Data Structure Issue

A

Alexander Adam

Hello folks,

I got a few question on some basic data structure stuff. Sorry if
those questions might sound too easy or such but after googling a lot
I didn't find a real answer to all those questions so appreciate any
help.

I need to keep a very efficient data-tree structure (parent, previous,
next, first child, last child) within the memory which can be filled
up with billions of records. A struct place into the tree (I am using
the tree implementation of kp) is looking like this:

struct Node {
unsigned char type;
unsigned char code;
??? data;
??? unsigned char* content;
}

Now the first question is this -- the *data* property can be of a
single byte property or taking a full unsigned int or even more..
what'd be the best way to always keep the smallest size in memory?
(E.g. when having only a byte value then allocate only one byte in
memory for this property).

The next question is if it makes sense to allocate and deallocate the
content property within the constructor/destructor of the struct but I
fear that a constructor and destructor will add another couple of
bytes to each record in the memory.

The next issue I have is this -- the implementation I am using is
returning an iterator object, a function looks like this:

iterator parent(...) {}

Now what is this return value all about? I mean, its not a pointer so
it should be only valid until it goes out of scope within the parent
caller, is that assumptation correct? What I need is to keep the
iterator during lifetime and assign it to my objects so what's the
best way to keep it valid all time, assuming the std::list or tree
(whatever, they're compatible) gets inserts and delete statements a
lot?

Also there's a point I don't really understand. Say if I have
something like

std::list<Node> myList;

then what's the real difference in accessing an item either by

Node& node = *myList.begin()

or by

Node node = *myList.begin() ?

I've always thought that the first one would just get the reference to
the original struct the iterator is pointing to and the second one
creates a copy of it in the heap? If so, the first method should be
more efficient is that correct, too?

Basically, I need to obtain a most perfomant tree-like data structure
keeping a struct like the one mentioned before. What'd be the best way
to go, assuming that I have a lot of inserts, deletes and traversions
and that I need the parent, prev sibling, next sibling and first
child / last child access by hand without any time loss anytime?

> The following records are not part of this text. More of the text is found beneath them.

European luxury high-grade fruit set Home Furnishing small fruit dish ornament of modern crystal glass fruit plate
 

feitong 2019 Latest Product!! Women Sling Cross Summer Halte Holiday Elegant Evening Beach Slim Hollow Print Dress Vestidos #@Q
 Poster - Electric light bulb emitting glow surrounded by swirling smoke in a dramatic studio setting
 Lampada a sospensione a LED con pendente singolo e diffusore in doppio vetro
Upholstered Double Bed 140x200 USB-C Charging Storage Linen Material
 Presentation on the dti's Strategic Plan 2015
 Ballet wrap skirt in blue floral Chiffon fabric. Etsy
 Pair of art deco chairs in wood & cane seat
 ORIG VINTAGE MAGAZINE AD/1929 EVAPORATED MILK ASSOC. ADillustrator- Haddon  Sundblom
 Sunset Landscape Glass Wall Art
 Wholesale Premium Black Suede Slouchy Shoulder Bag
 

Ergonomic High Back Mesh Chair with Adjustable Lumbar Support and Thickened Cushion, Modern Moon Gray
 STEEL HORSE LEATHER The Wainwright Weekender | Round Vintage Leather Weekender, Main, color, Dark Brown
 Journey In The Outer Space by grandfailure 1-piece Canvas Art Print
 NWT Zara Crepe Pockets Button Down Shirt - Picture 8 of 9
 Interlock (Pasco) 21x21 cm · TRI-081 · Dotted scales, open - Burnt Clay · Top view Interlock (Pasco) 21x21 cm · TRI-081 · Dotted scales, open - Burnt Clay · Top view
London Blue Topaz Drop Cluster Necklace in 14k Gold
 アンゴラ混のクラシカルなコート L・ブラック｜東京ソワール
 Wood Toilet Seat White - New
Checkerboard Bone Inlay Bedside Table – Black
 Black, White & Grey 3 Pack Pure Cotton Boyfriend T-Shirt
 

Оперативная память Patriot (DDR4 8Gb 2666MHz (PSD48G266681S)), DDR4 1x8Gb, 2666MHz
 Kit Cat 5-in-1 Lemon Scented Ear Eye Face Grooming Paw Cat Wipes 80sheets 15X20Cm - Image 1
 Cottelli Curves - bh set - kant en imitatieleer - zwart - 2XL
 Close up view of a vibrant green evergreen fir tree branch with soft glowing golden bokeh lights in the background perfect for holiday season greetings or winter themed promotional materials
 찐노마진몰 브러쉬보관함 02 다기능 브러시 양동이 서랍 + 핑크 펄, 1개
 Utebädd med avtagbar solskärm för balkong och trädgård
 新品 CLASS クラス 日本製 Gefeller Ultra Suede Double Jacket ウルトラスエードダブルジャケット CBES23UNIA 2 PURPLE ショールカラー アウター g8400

Hopefully someone would be so kind to answer those questions in
detail, I'd appreciate very much to gather as much experience as
possible in good C++ Development.

Thanks & warm regards
Alexander
 
A

Alexander Adam

Hi!

Sorry, there's one thing I've forgotten to ask -- how can it be
avoided to have an additional allocation/deallocation when adding a
new record to my std::list or whatever container I am using? I mean,
doing something like

Node myNode;
....
myList.push_back(myNode);

will lead to create a myNode var on the heap, then making a copy of it
for the list and finally let it go out of scope. This seems quite too
inefficient to me though so is there a better way around except
creating your own pointer to Node?

Thanks!
Alexander
 
?

=?ISO-8859-1?Q?Erik_Wikstr=F6m?=

Hello folks,

I got a few question on some basic data structure stuff. Sorry if
those questions might sound too easy or such but after googling a lot
I didn't find a real answer to all those questions so appreciate any
help.

I need to keep a very efficient data-tree structure (parent, previous,
next, first child, last child) within the memory which can be filled
up with billions of records. A struct place into the tree (I am using
the tree implementation of kp) is looking like this:

struct Node {
unsigned char type;
unsigned char code;
??? data;
??? unsigned char* content;
}

Type should probably be an enum, perhaps code also.
Now the first question is this -- the *data* property can be of a
single byte property or taking a full unsigned int or even more..
what'd be the best way to always keep the smallest size in memory?
(E.g. when having only a byte value then allocate only one byte in
memory for this property).

If all the nodes in the tree will have the same size of data then you
can parameterise Node to that type:

template<typename T>
struct Node {
// ...
T data;
// ...
};

By the way, what's the difference between data and content?
The next question is if it makes sense to allocate and deallocate the
content property within the constructor/destructor of the struct but I
fear that a constructor and destructor will add another couple of
bytes to each record in the memory.

Adding a constructor/destructor might add a few extra bytes to the code,
but should not affect the runtime size of a Node-object.
The next issue I have is this -- the implementation I am using is
returning an iterator object, a function looks like this:

iterator parent(...) {}

Now what is this return value all about? I mean, its not a pointer so
it should be only valid until it goes out of scope within the parent
caller, is that assumptation correct? What I need is to keep the
iterator during lifetime and assign it to my objects so what's the
best way to keep it valid all time, assuming the std::list or tree
(whatever, they're compatible) gets inserts and delete statements a
lot?

I guess that the iterator is a standard iterator to either an object in
a list or a map (or such) in which case the iterator will be valid so
long as the Node is still in the list. For standard containers which are
node-based the validity of iterators is not affected by any operations
on the container unless the operation affects the node the iterator
refers to.
Also there's a point I don't really understand. Say if I have
something like

std::list<Node> myList;

then what's the real difference in accessing an item either by

Node& node = *myList.begin()

or by

Node node = *myList.begin() ?

I've always thought that the first one would just get the reference to
the original struct the iterator is pointing to and the second one
creates a copy of it in the heap? If so, the first method should be
more efficient is that correct, too?
Yes.

Basically, I need to obtain a most perfomant tree-like data structure
keeping a struct like the one mentioned before. What'd be the best way
to go, assuming that I have a lot of inserts, deletes and traversions
and that I need the parent, prev sibling, next sibling and first
child / last child access by hand without any time loss anytime?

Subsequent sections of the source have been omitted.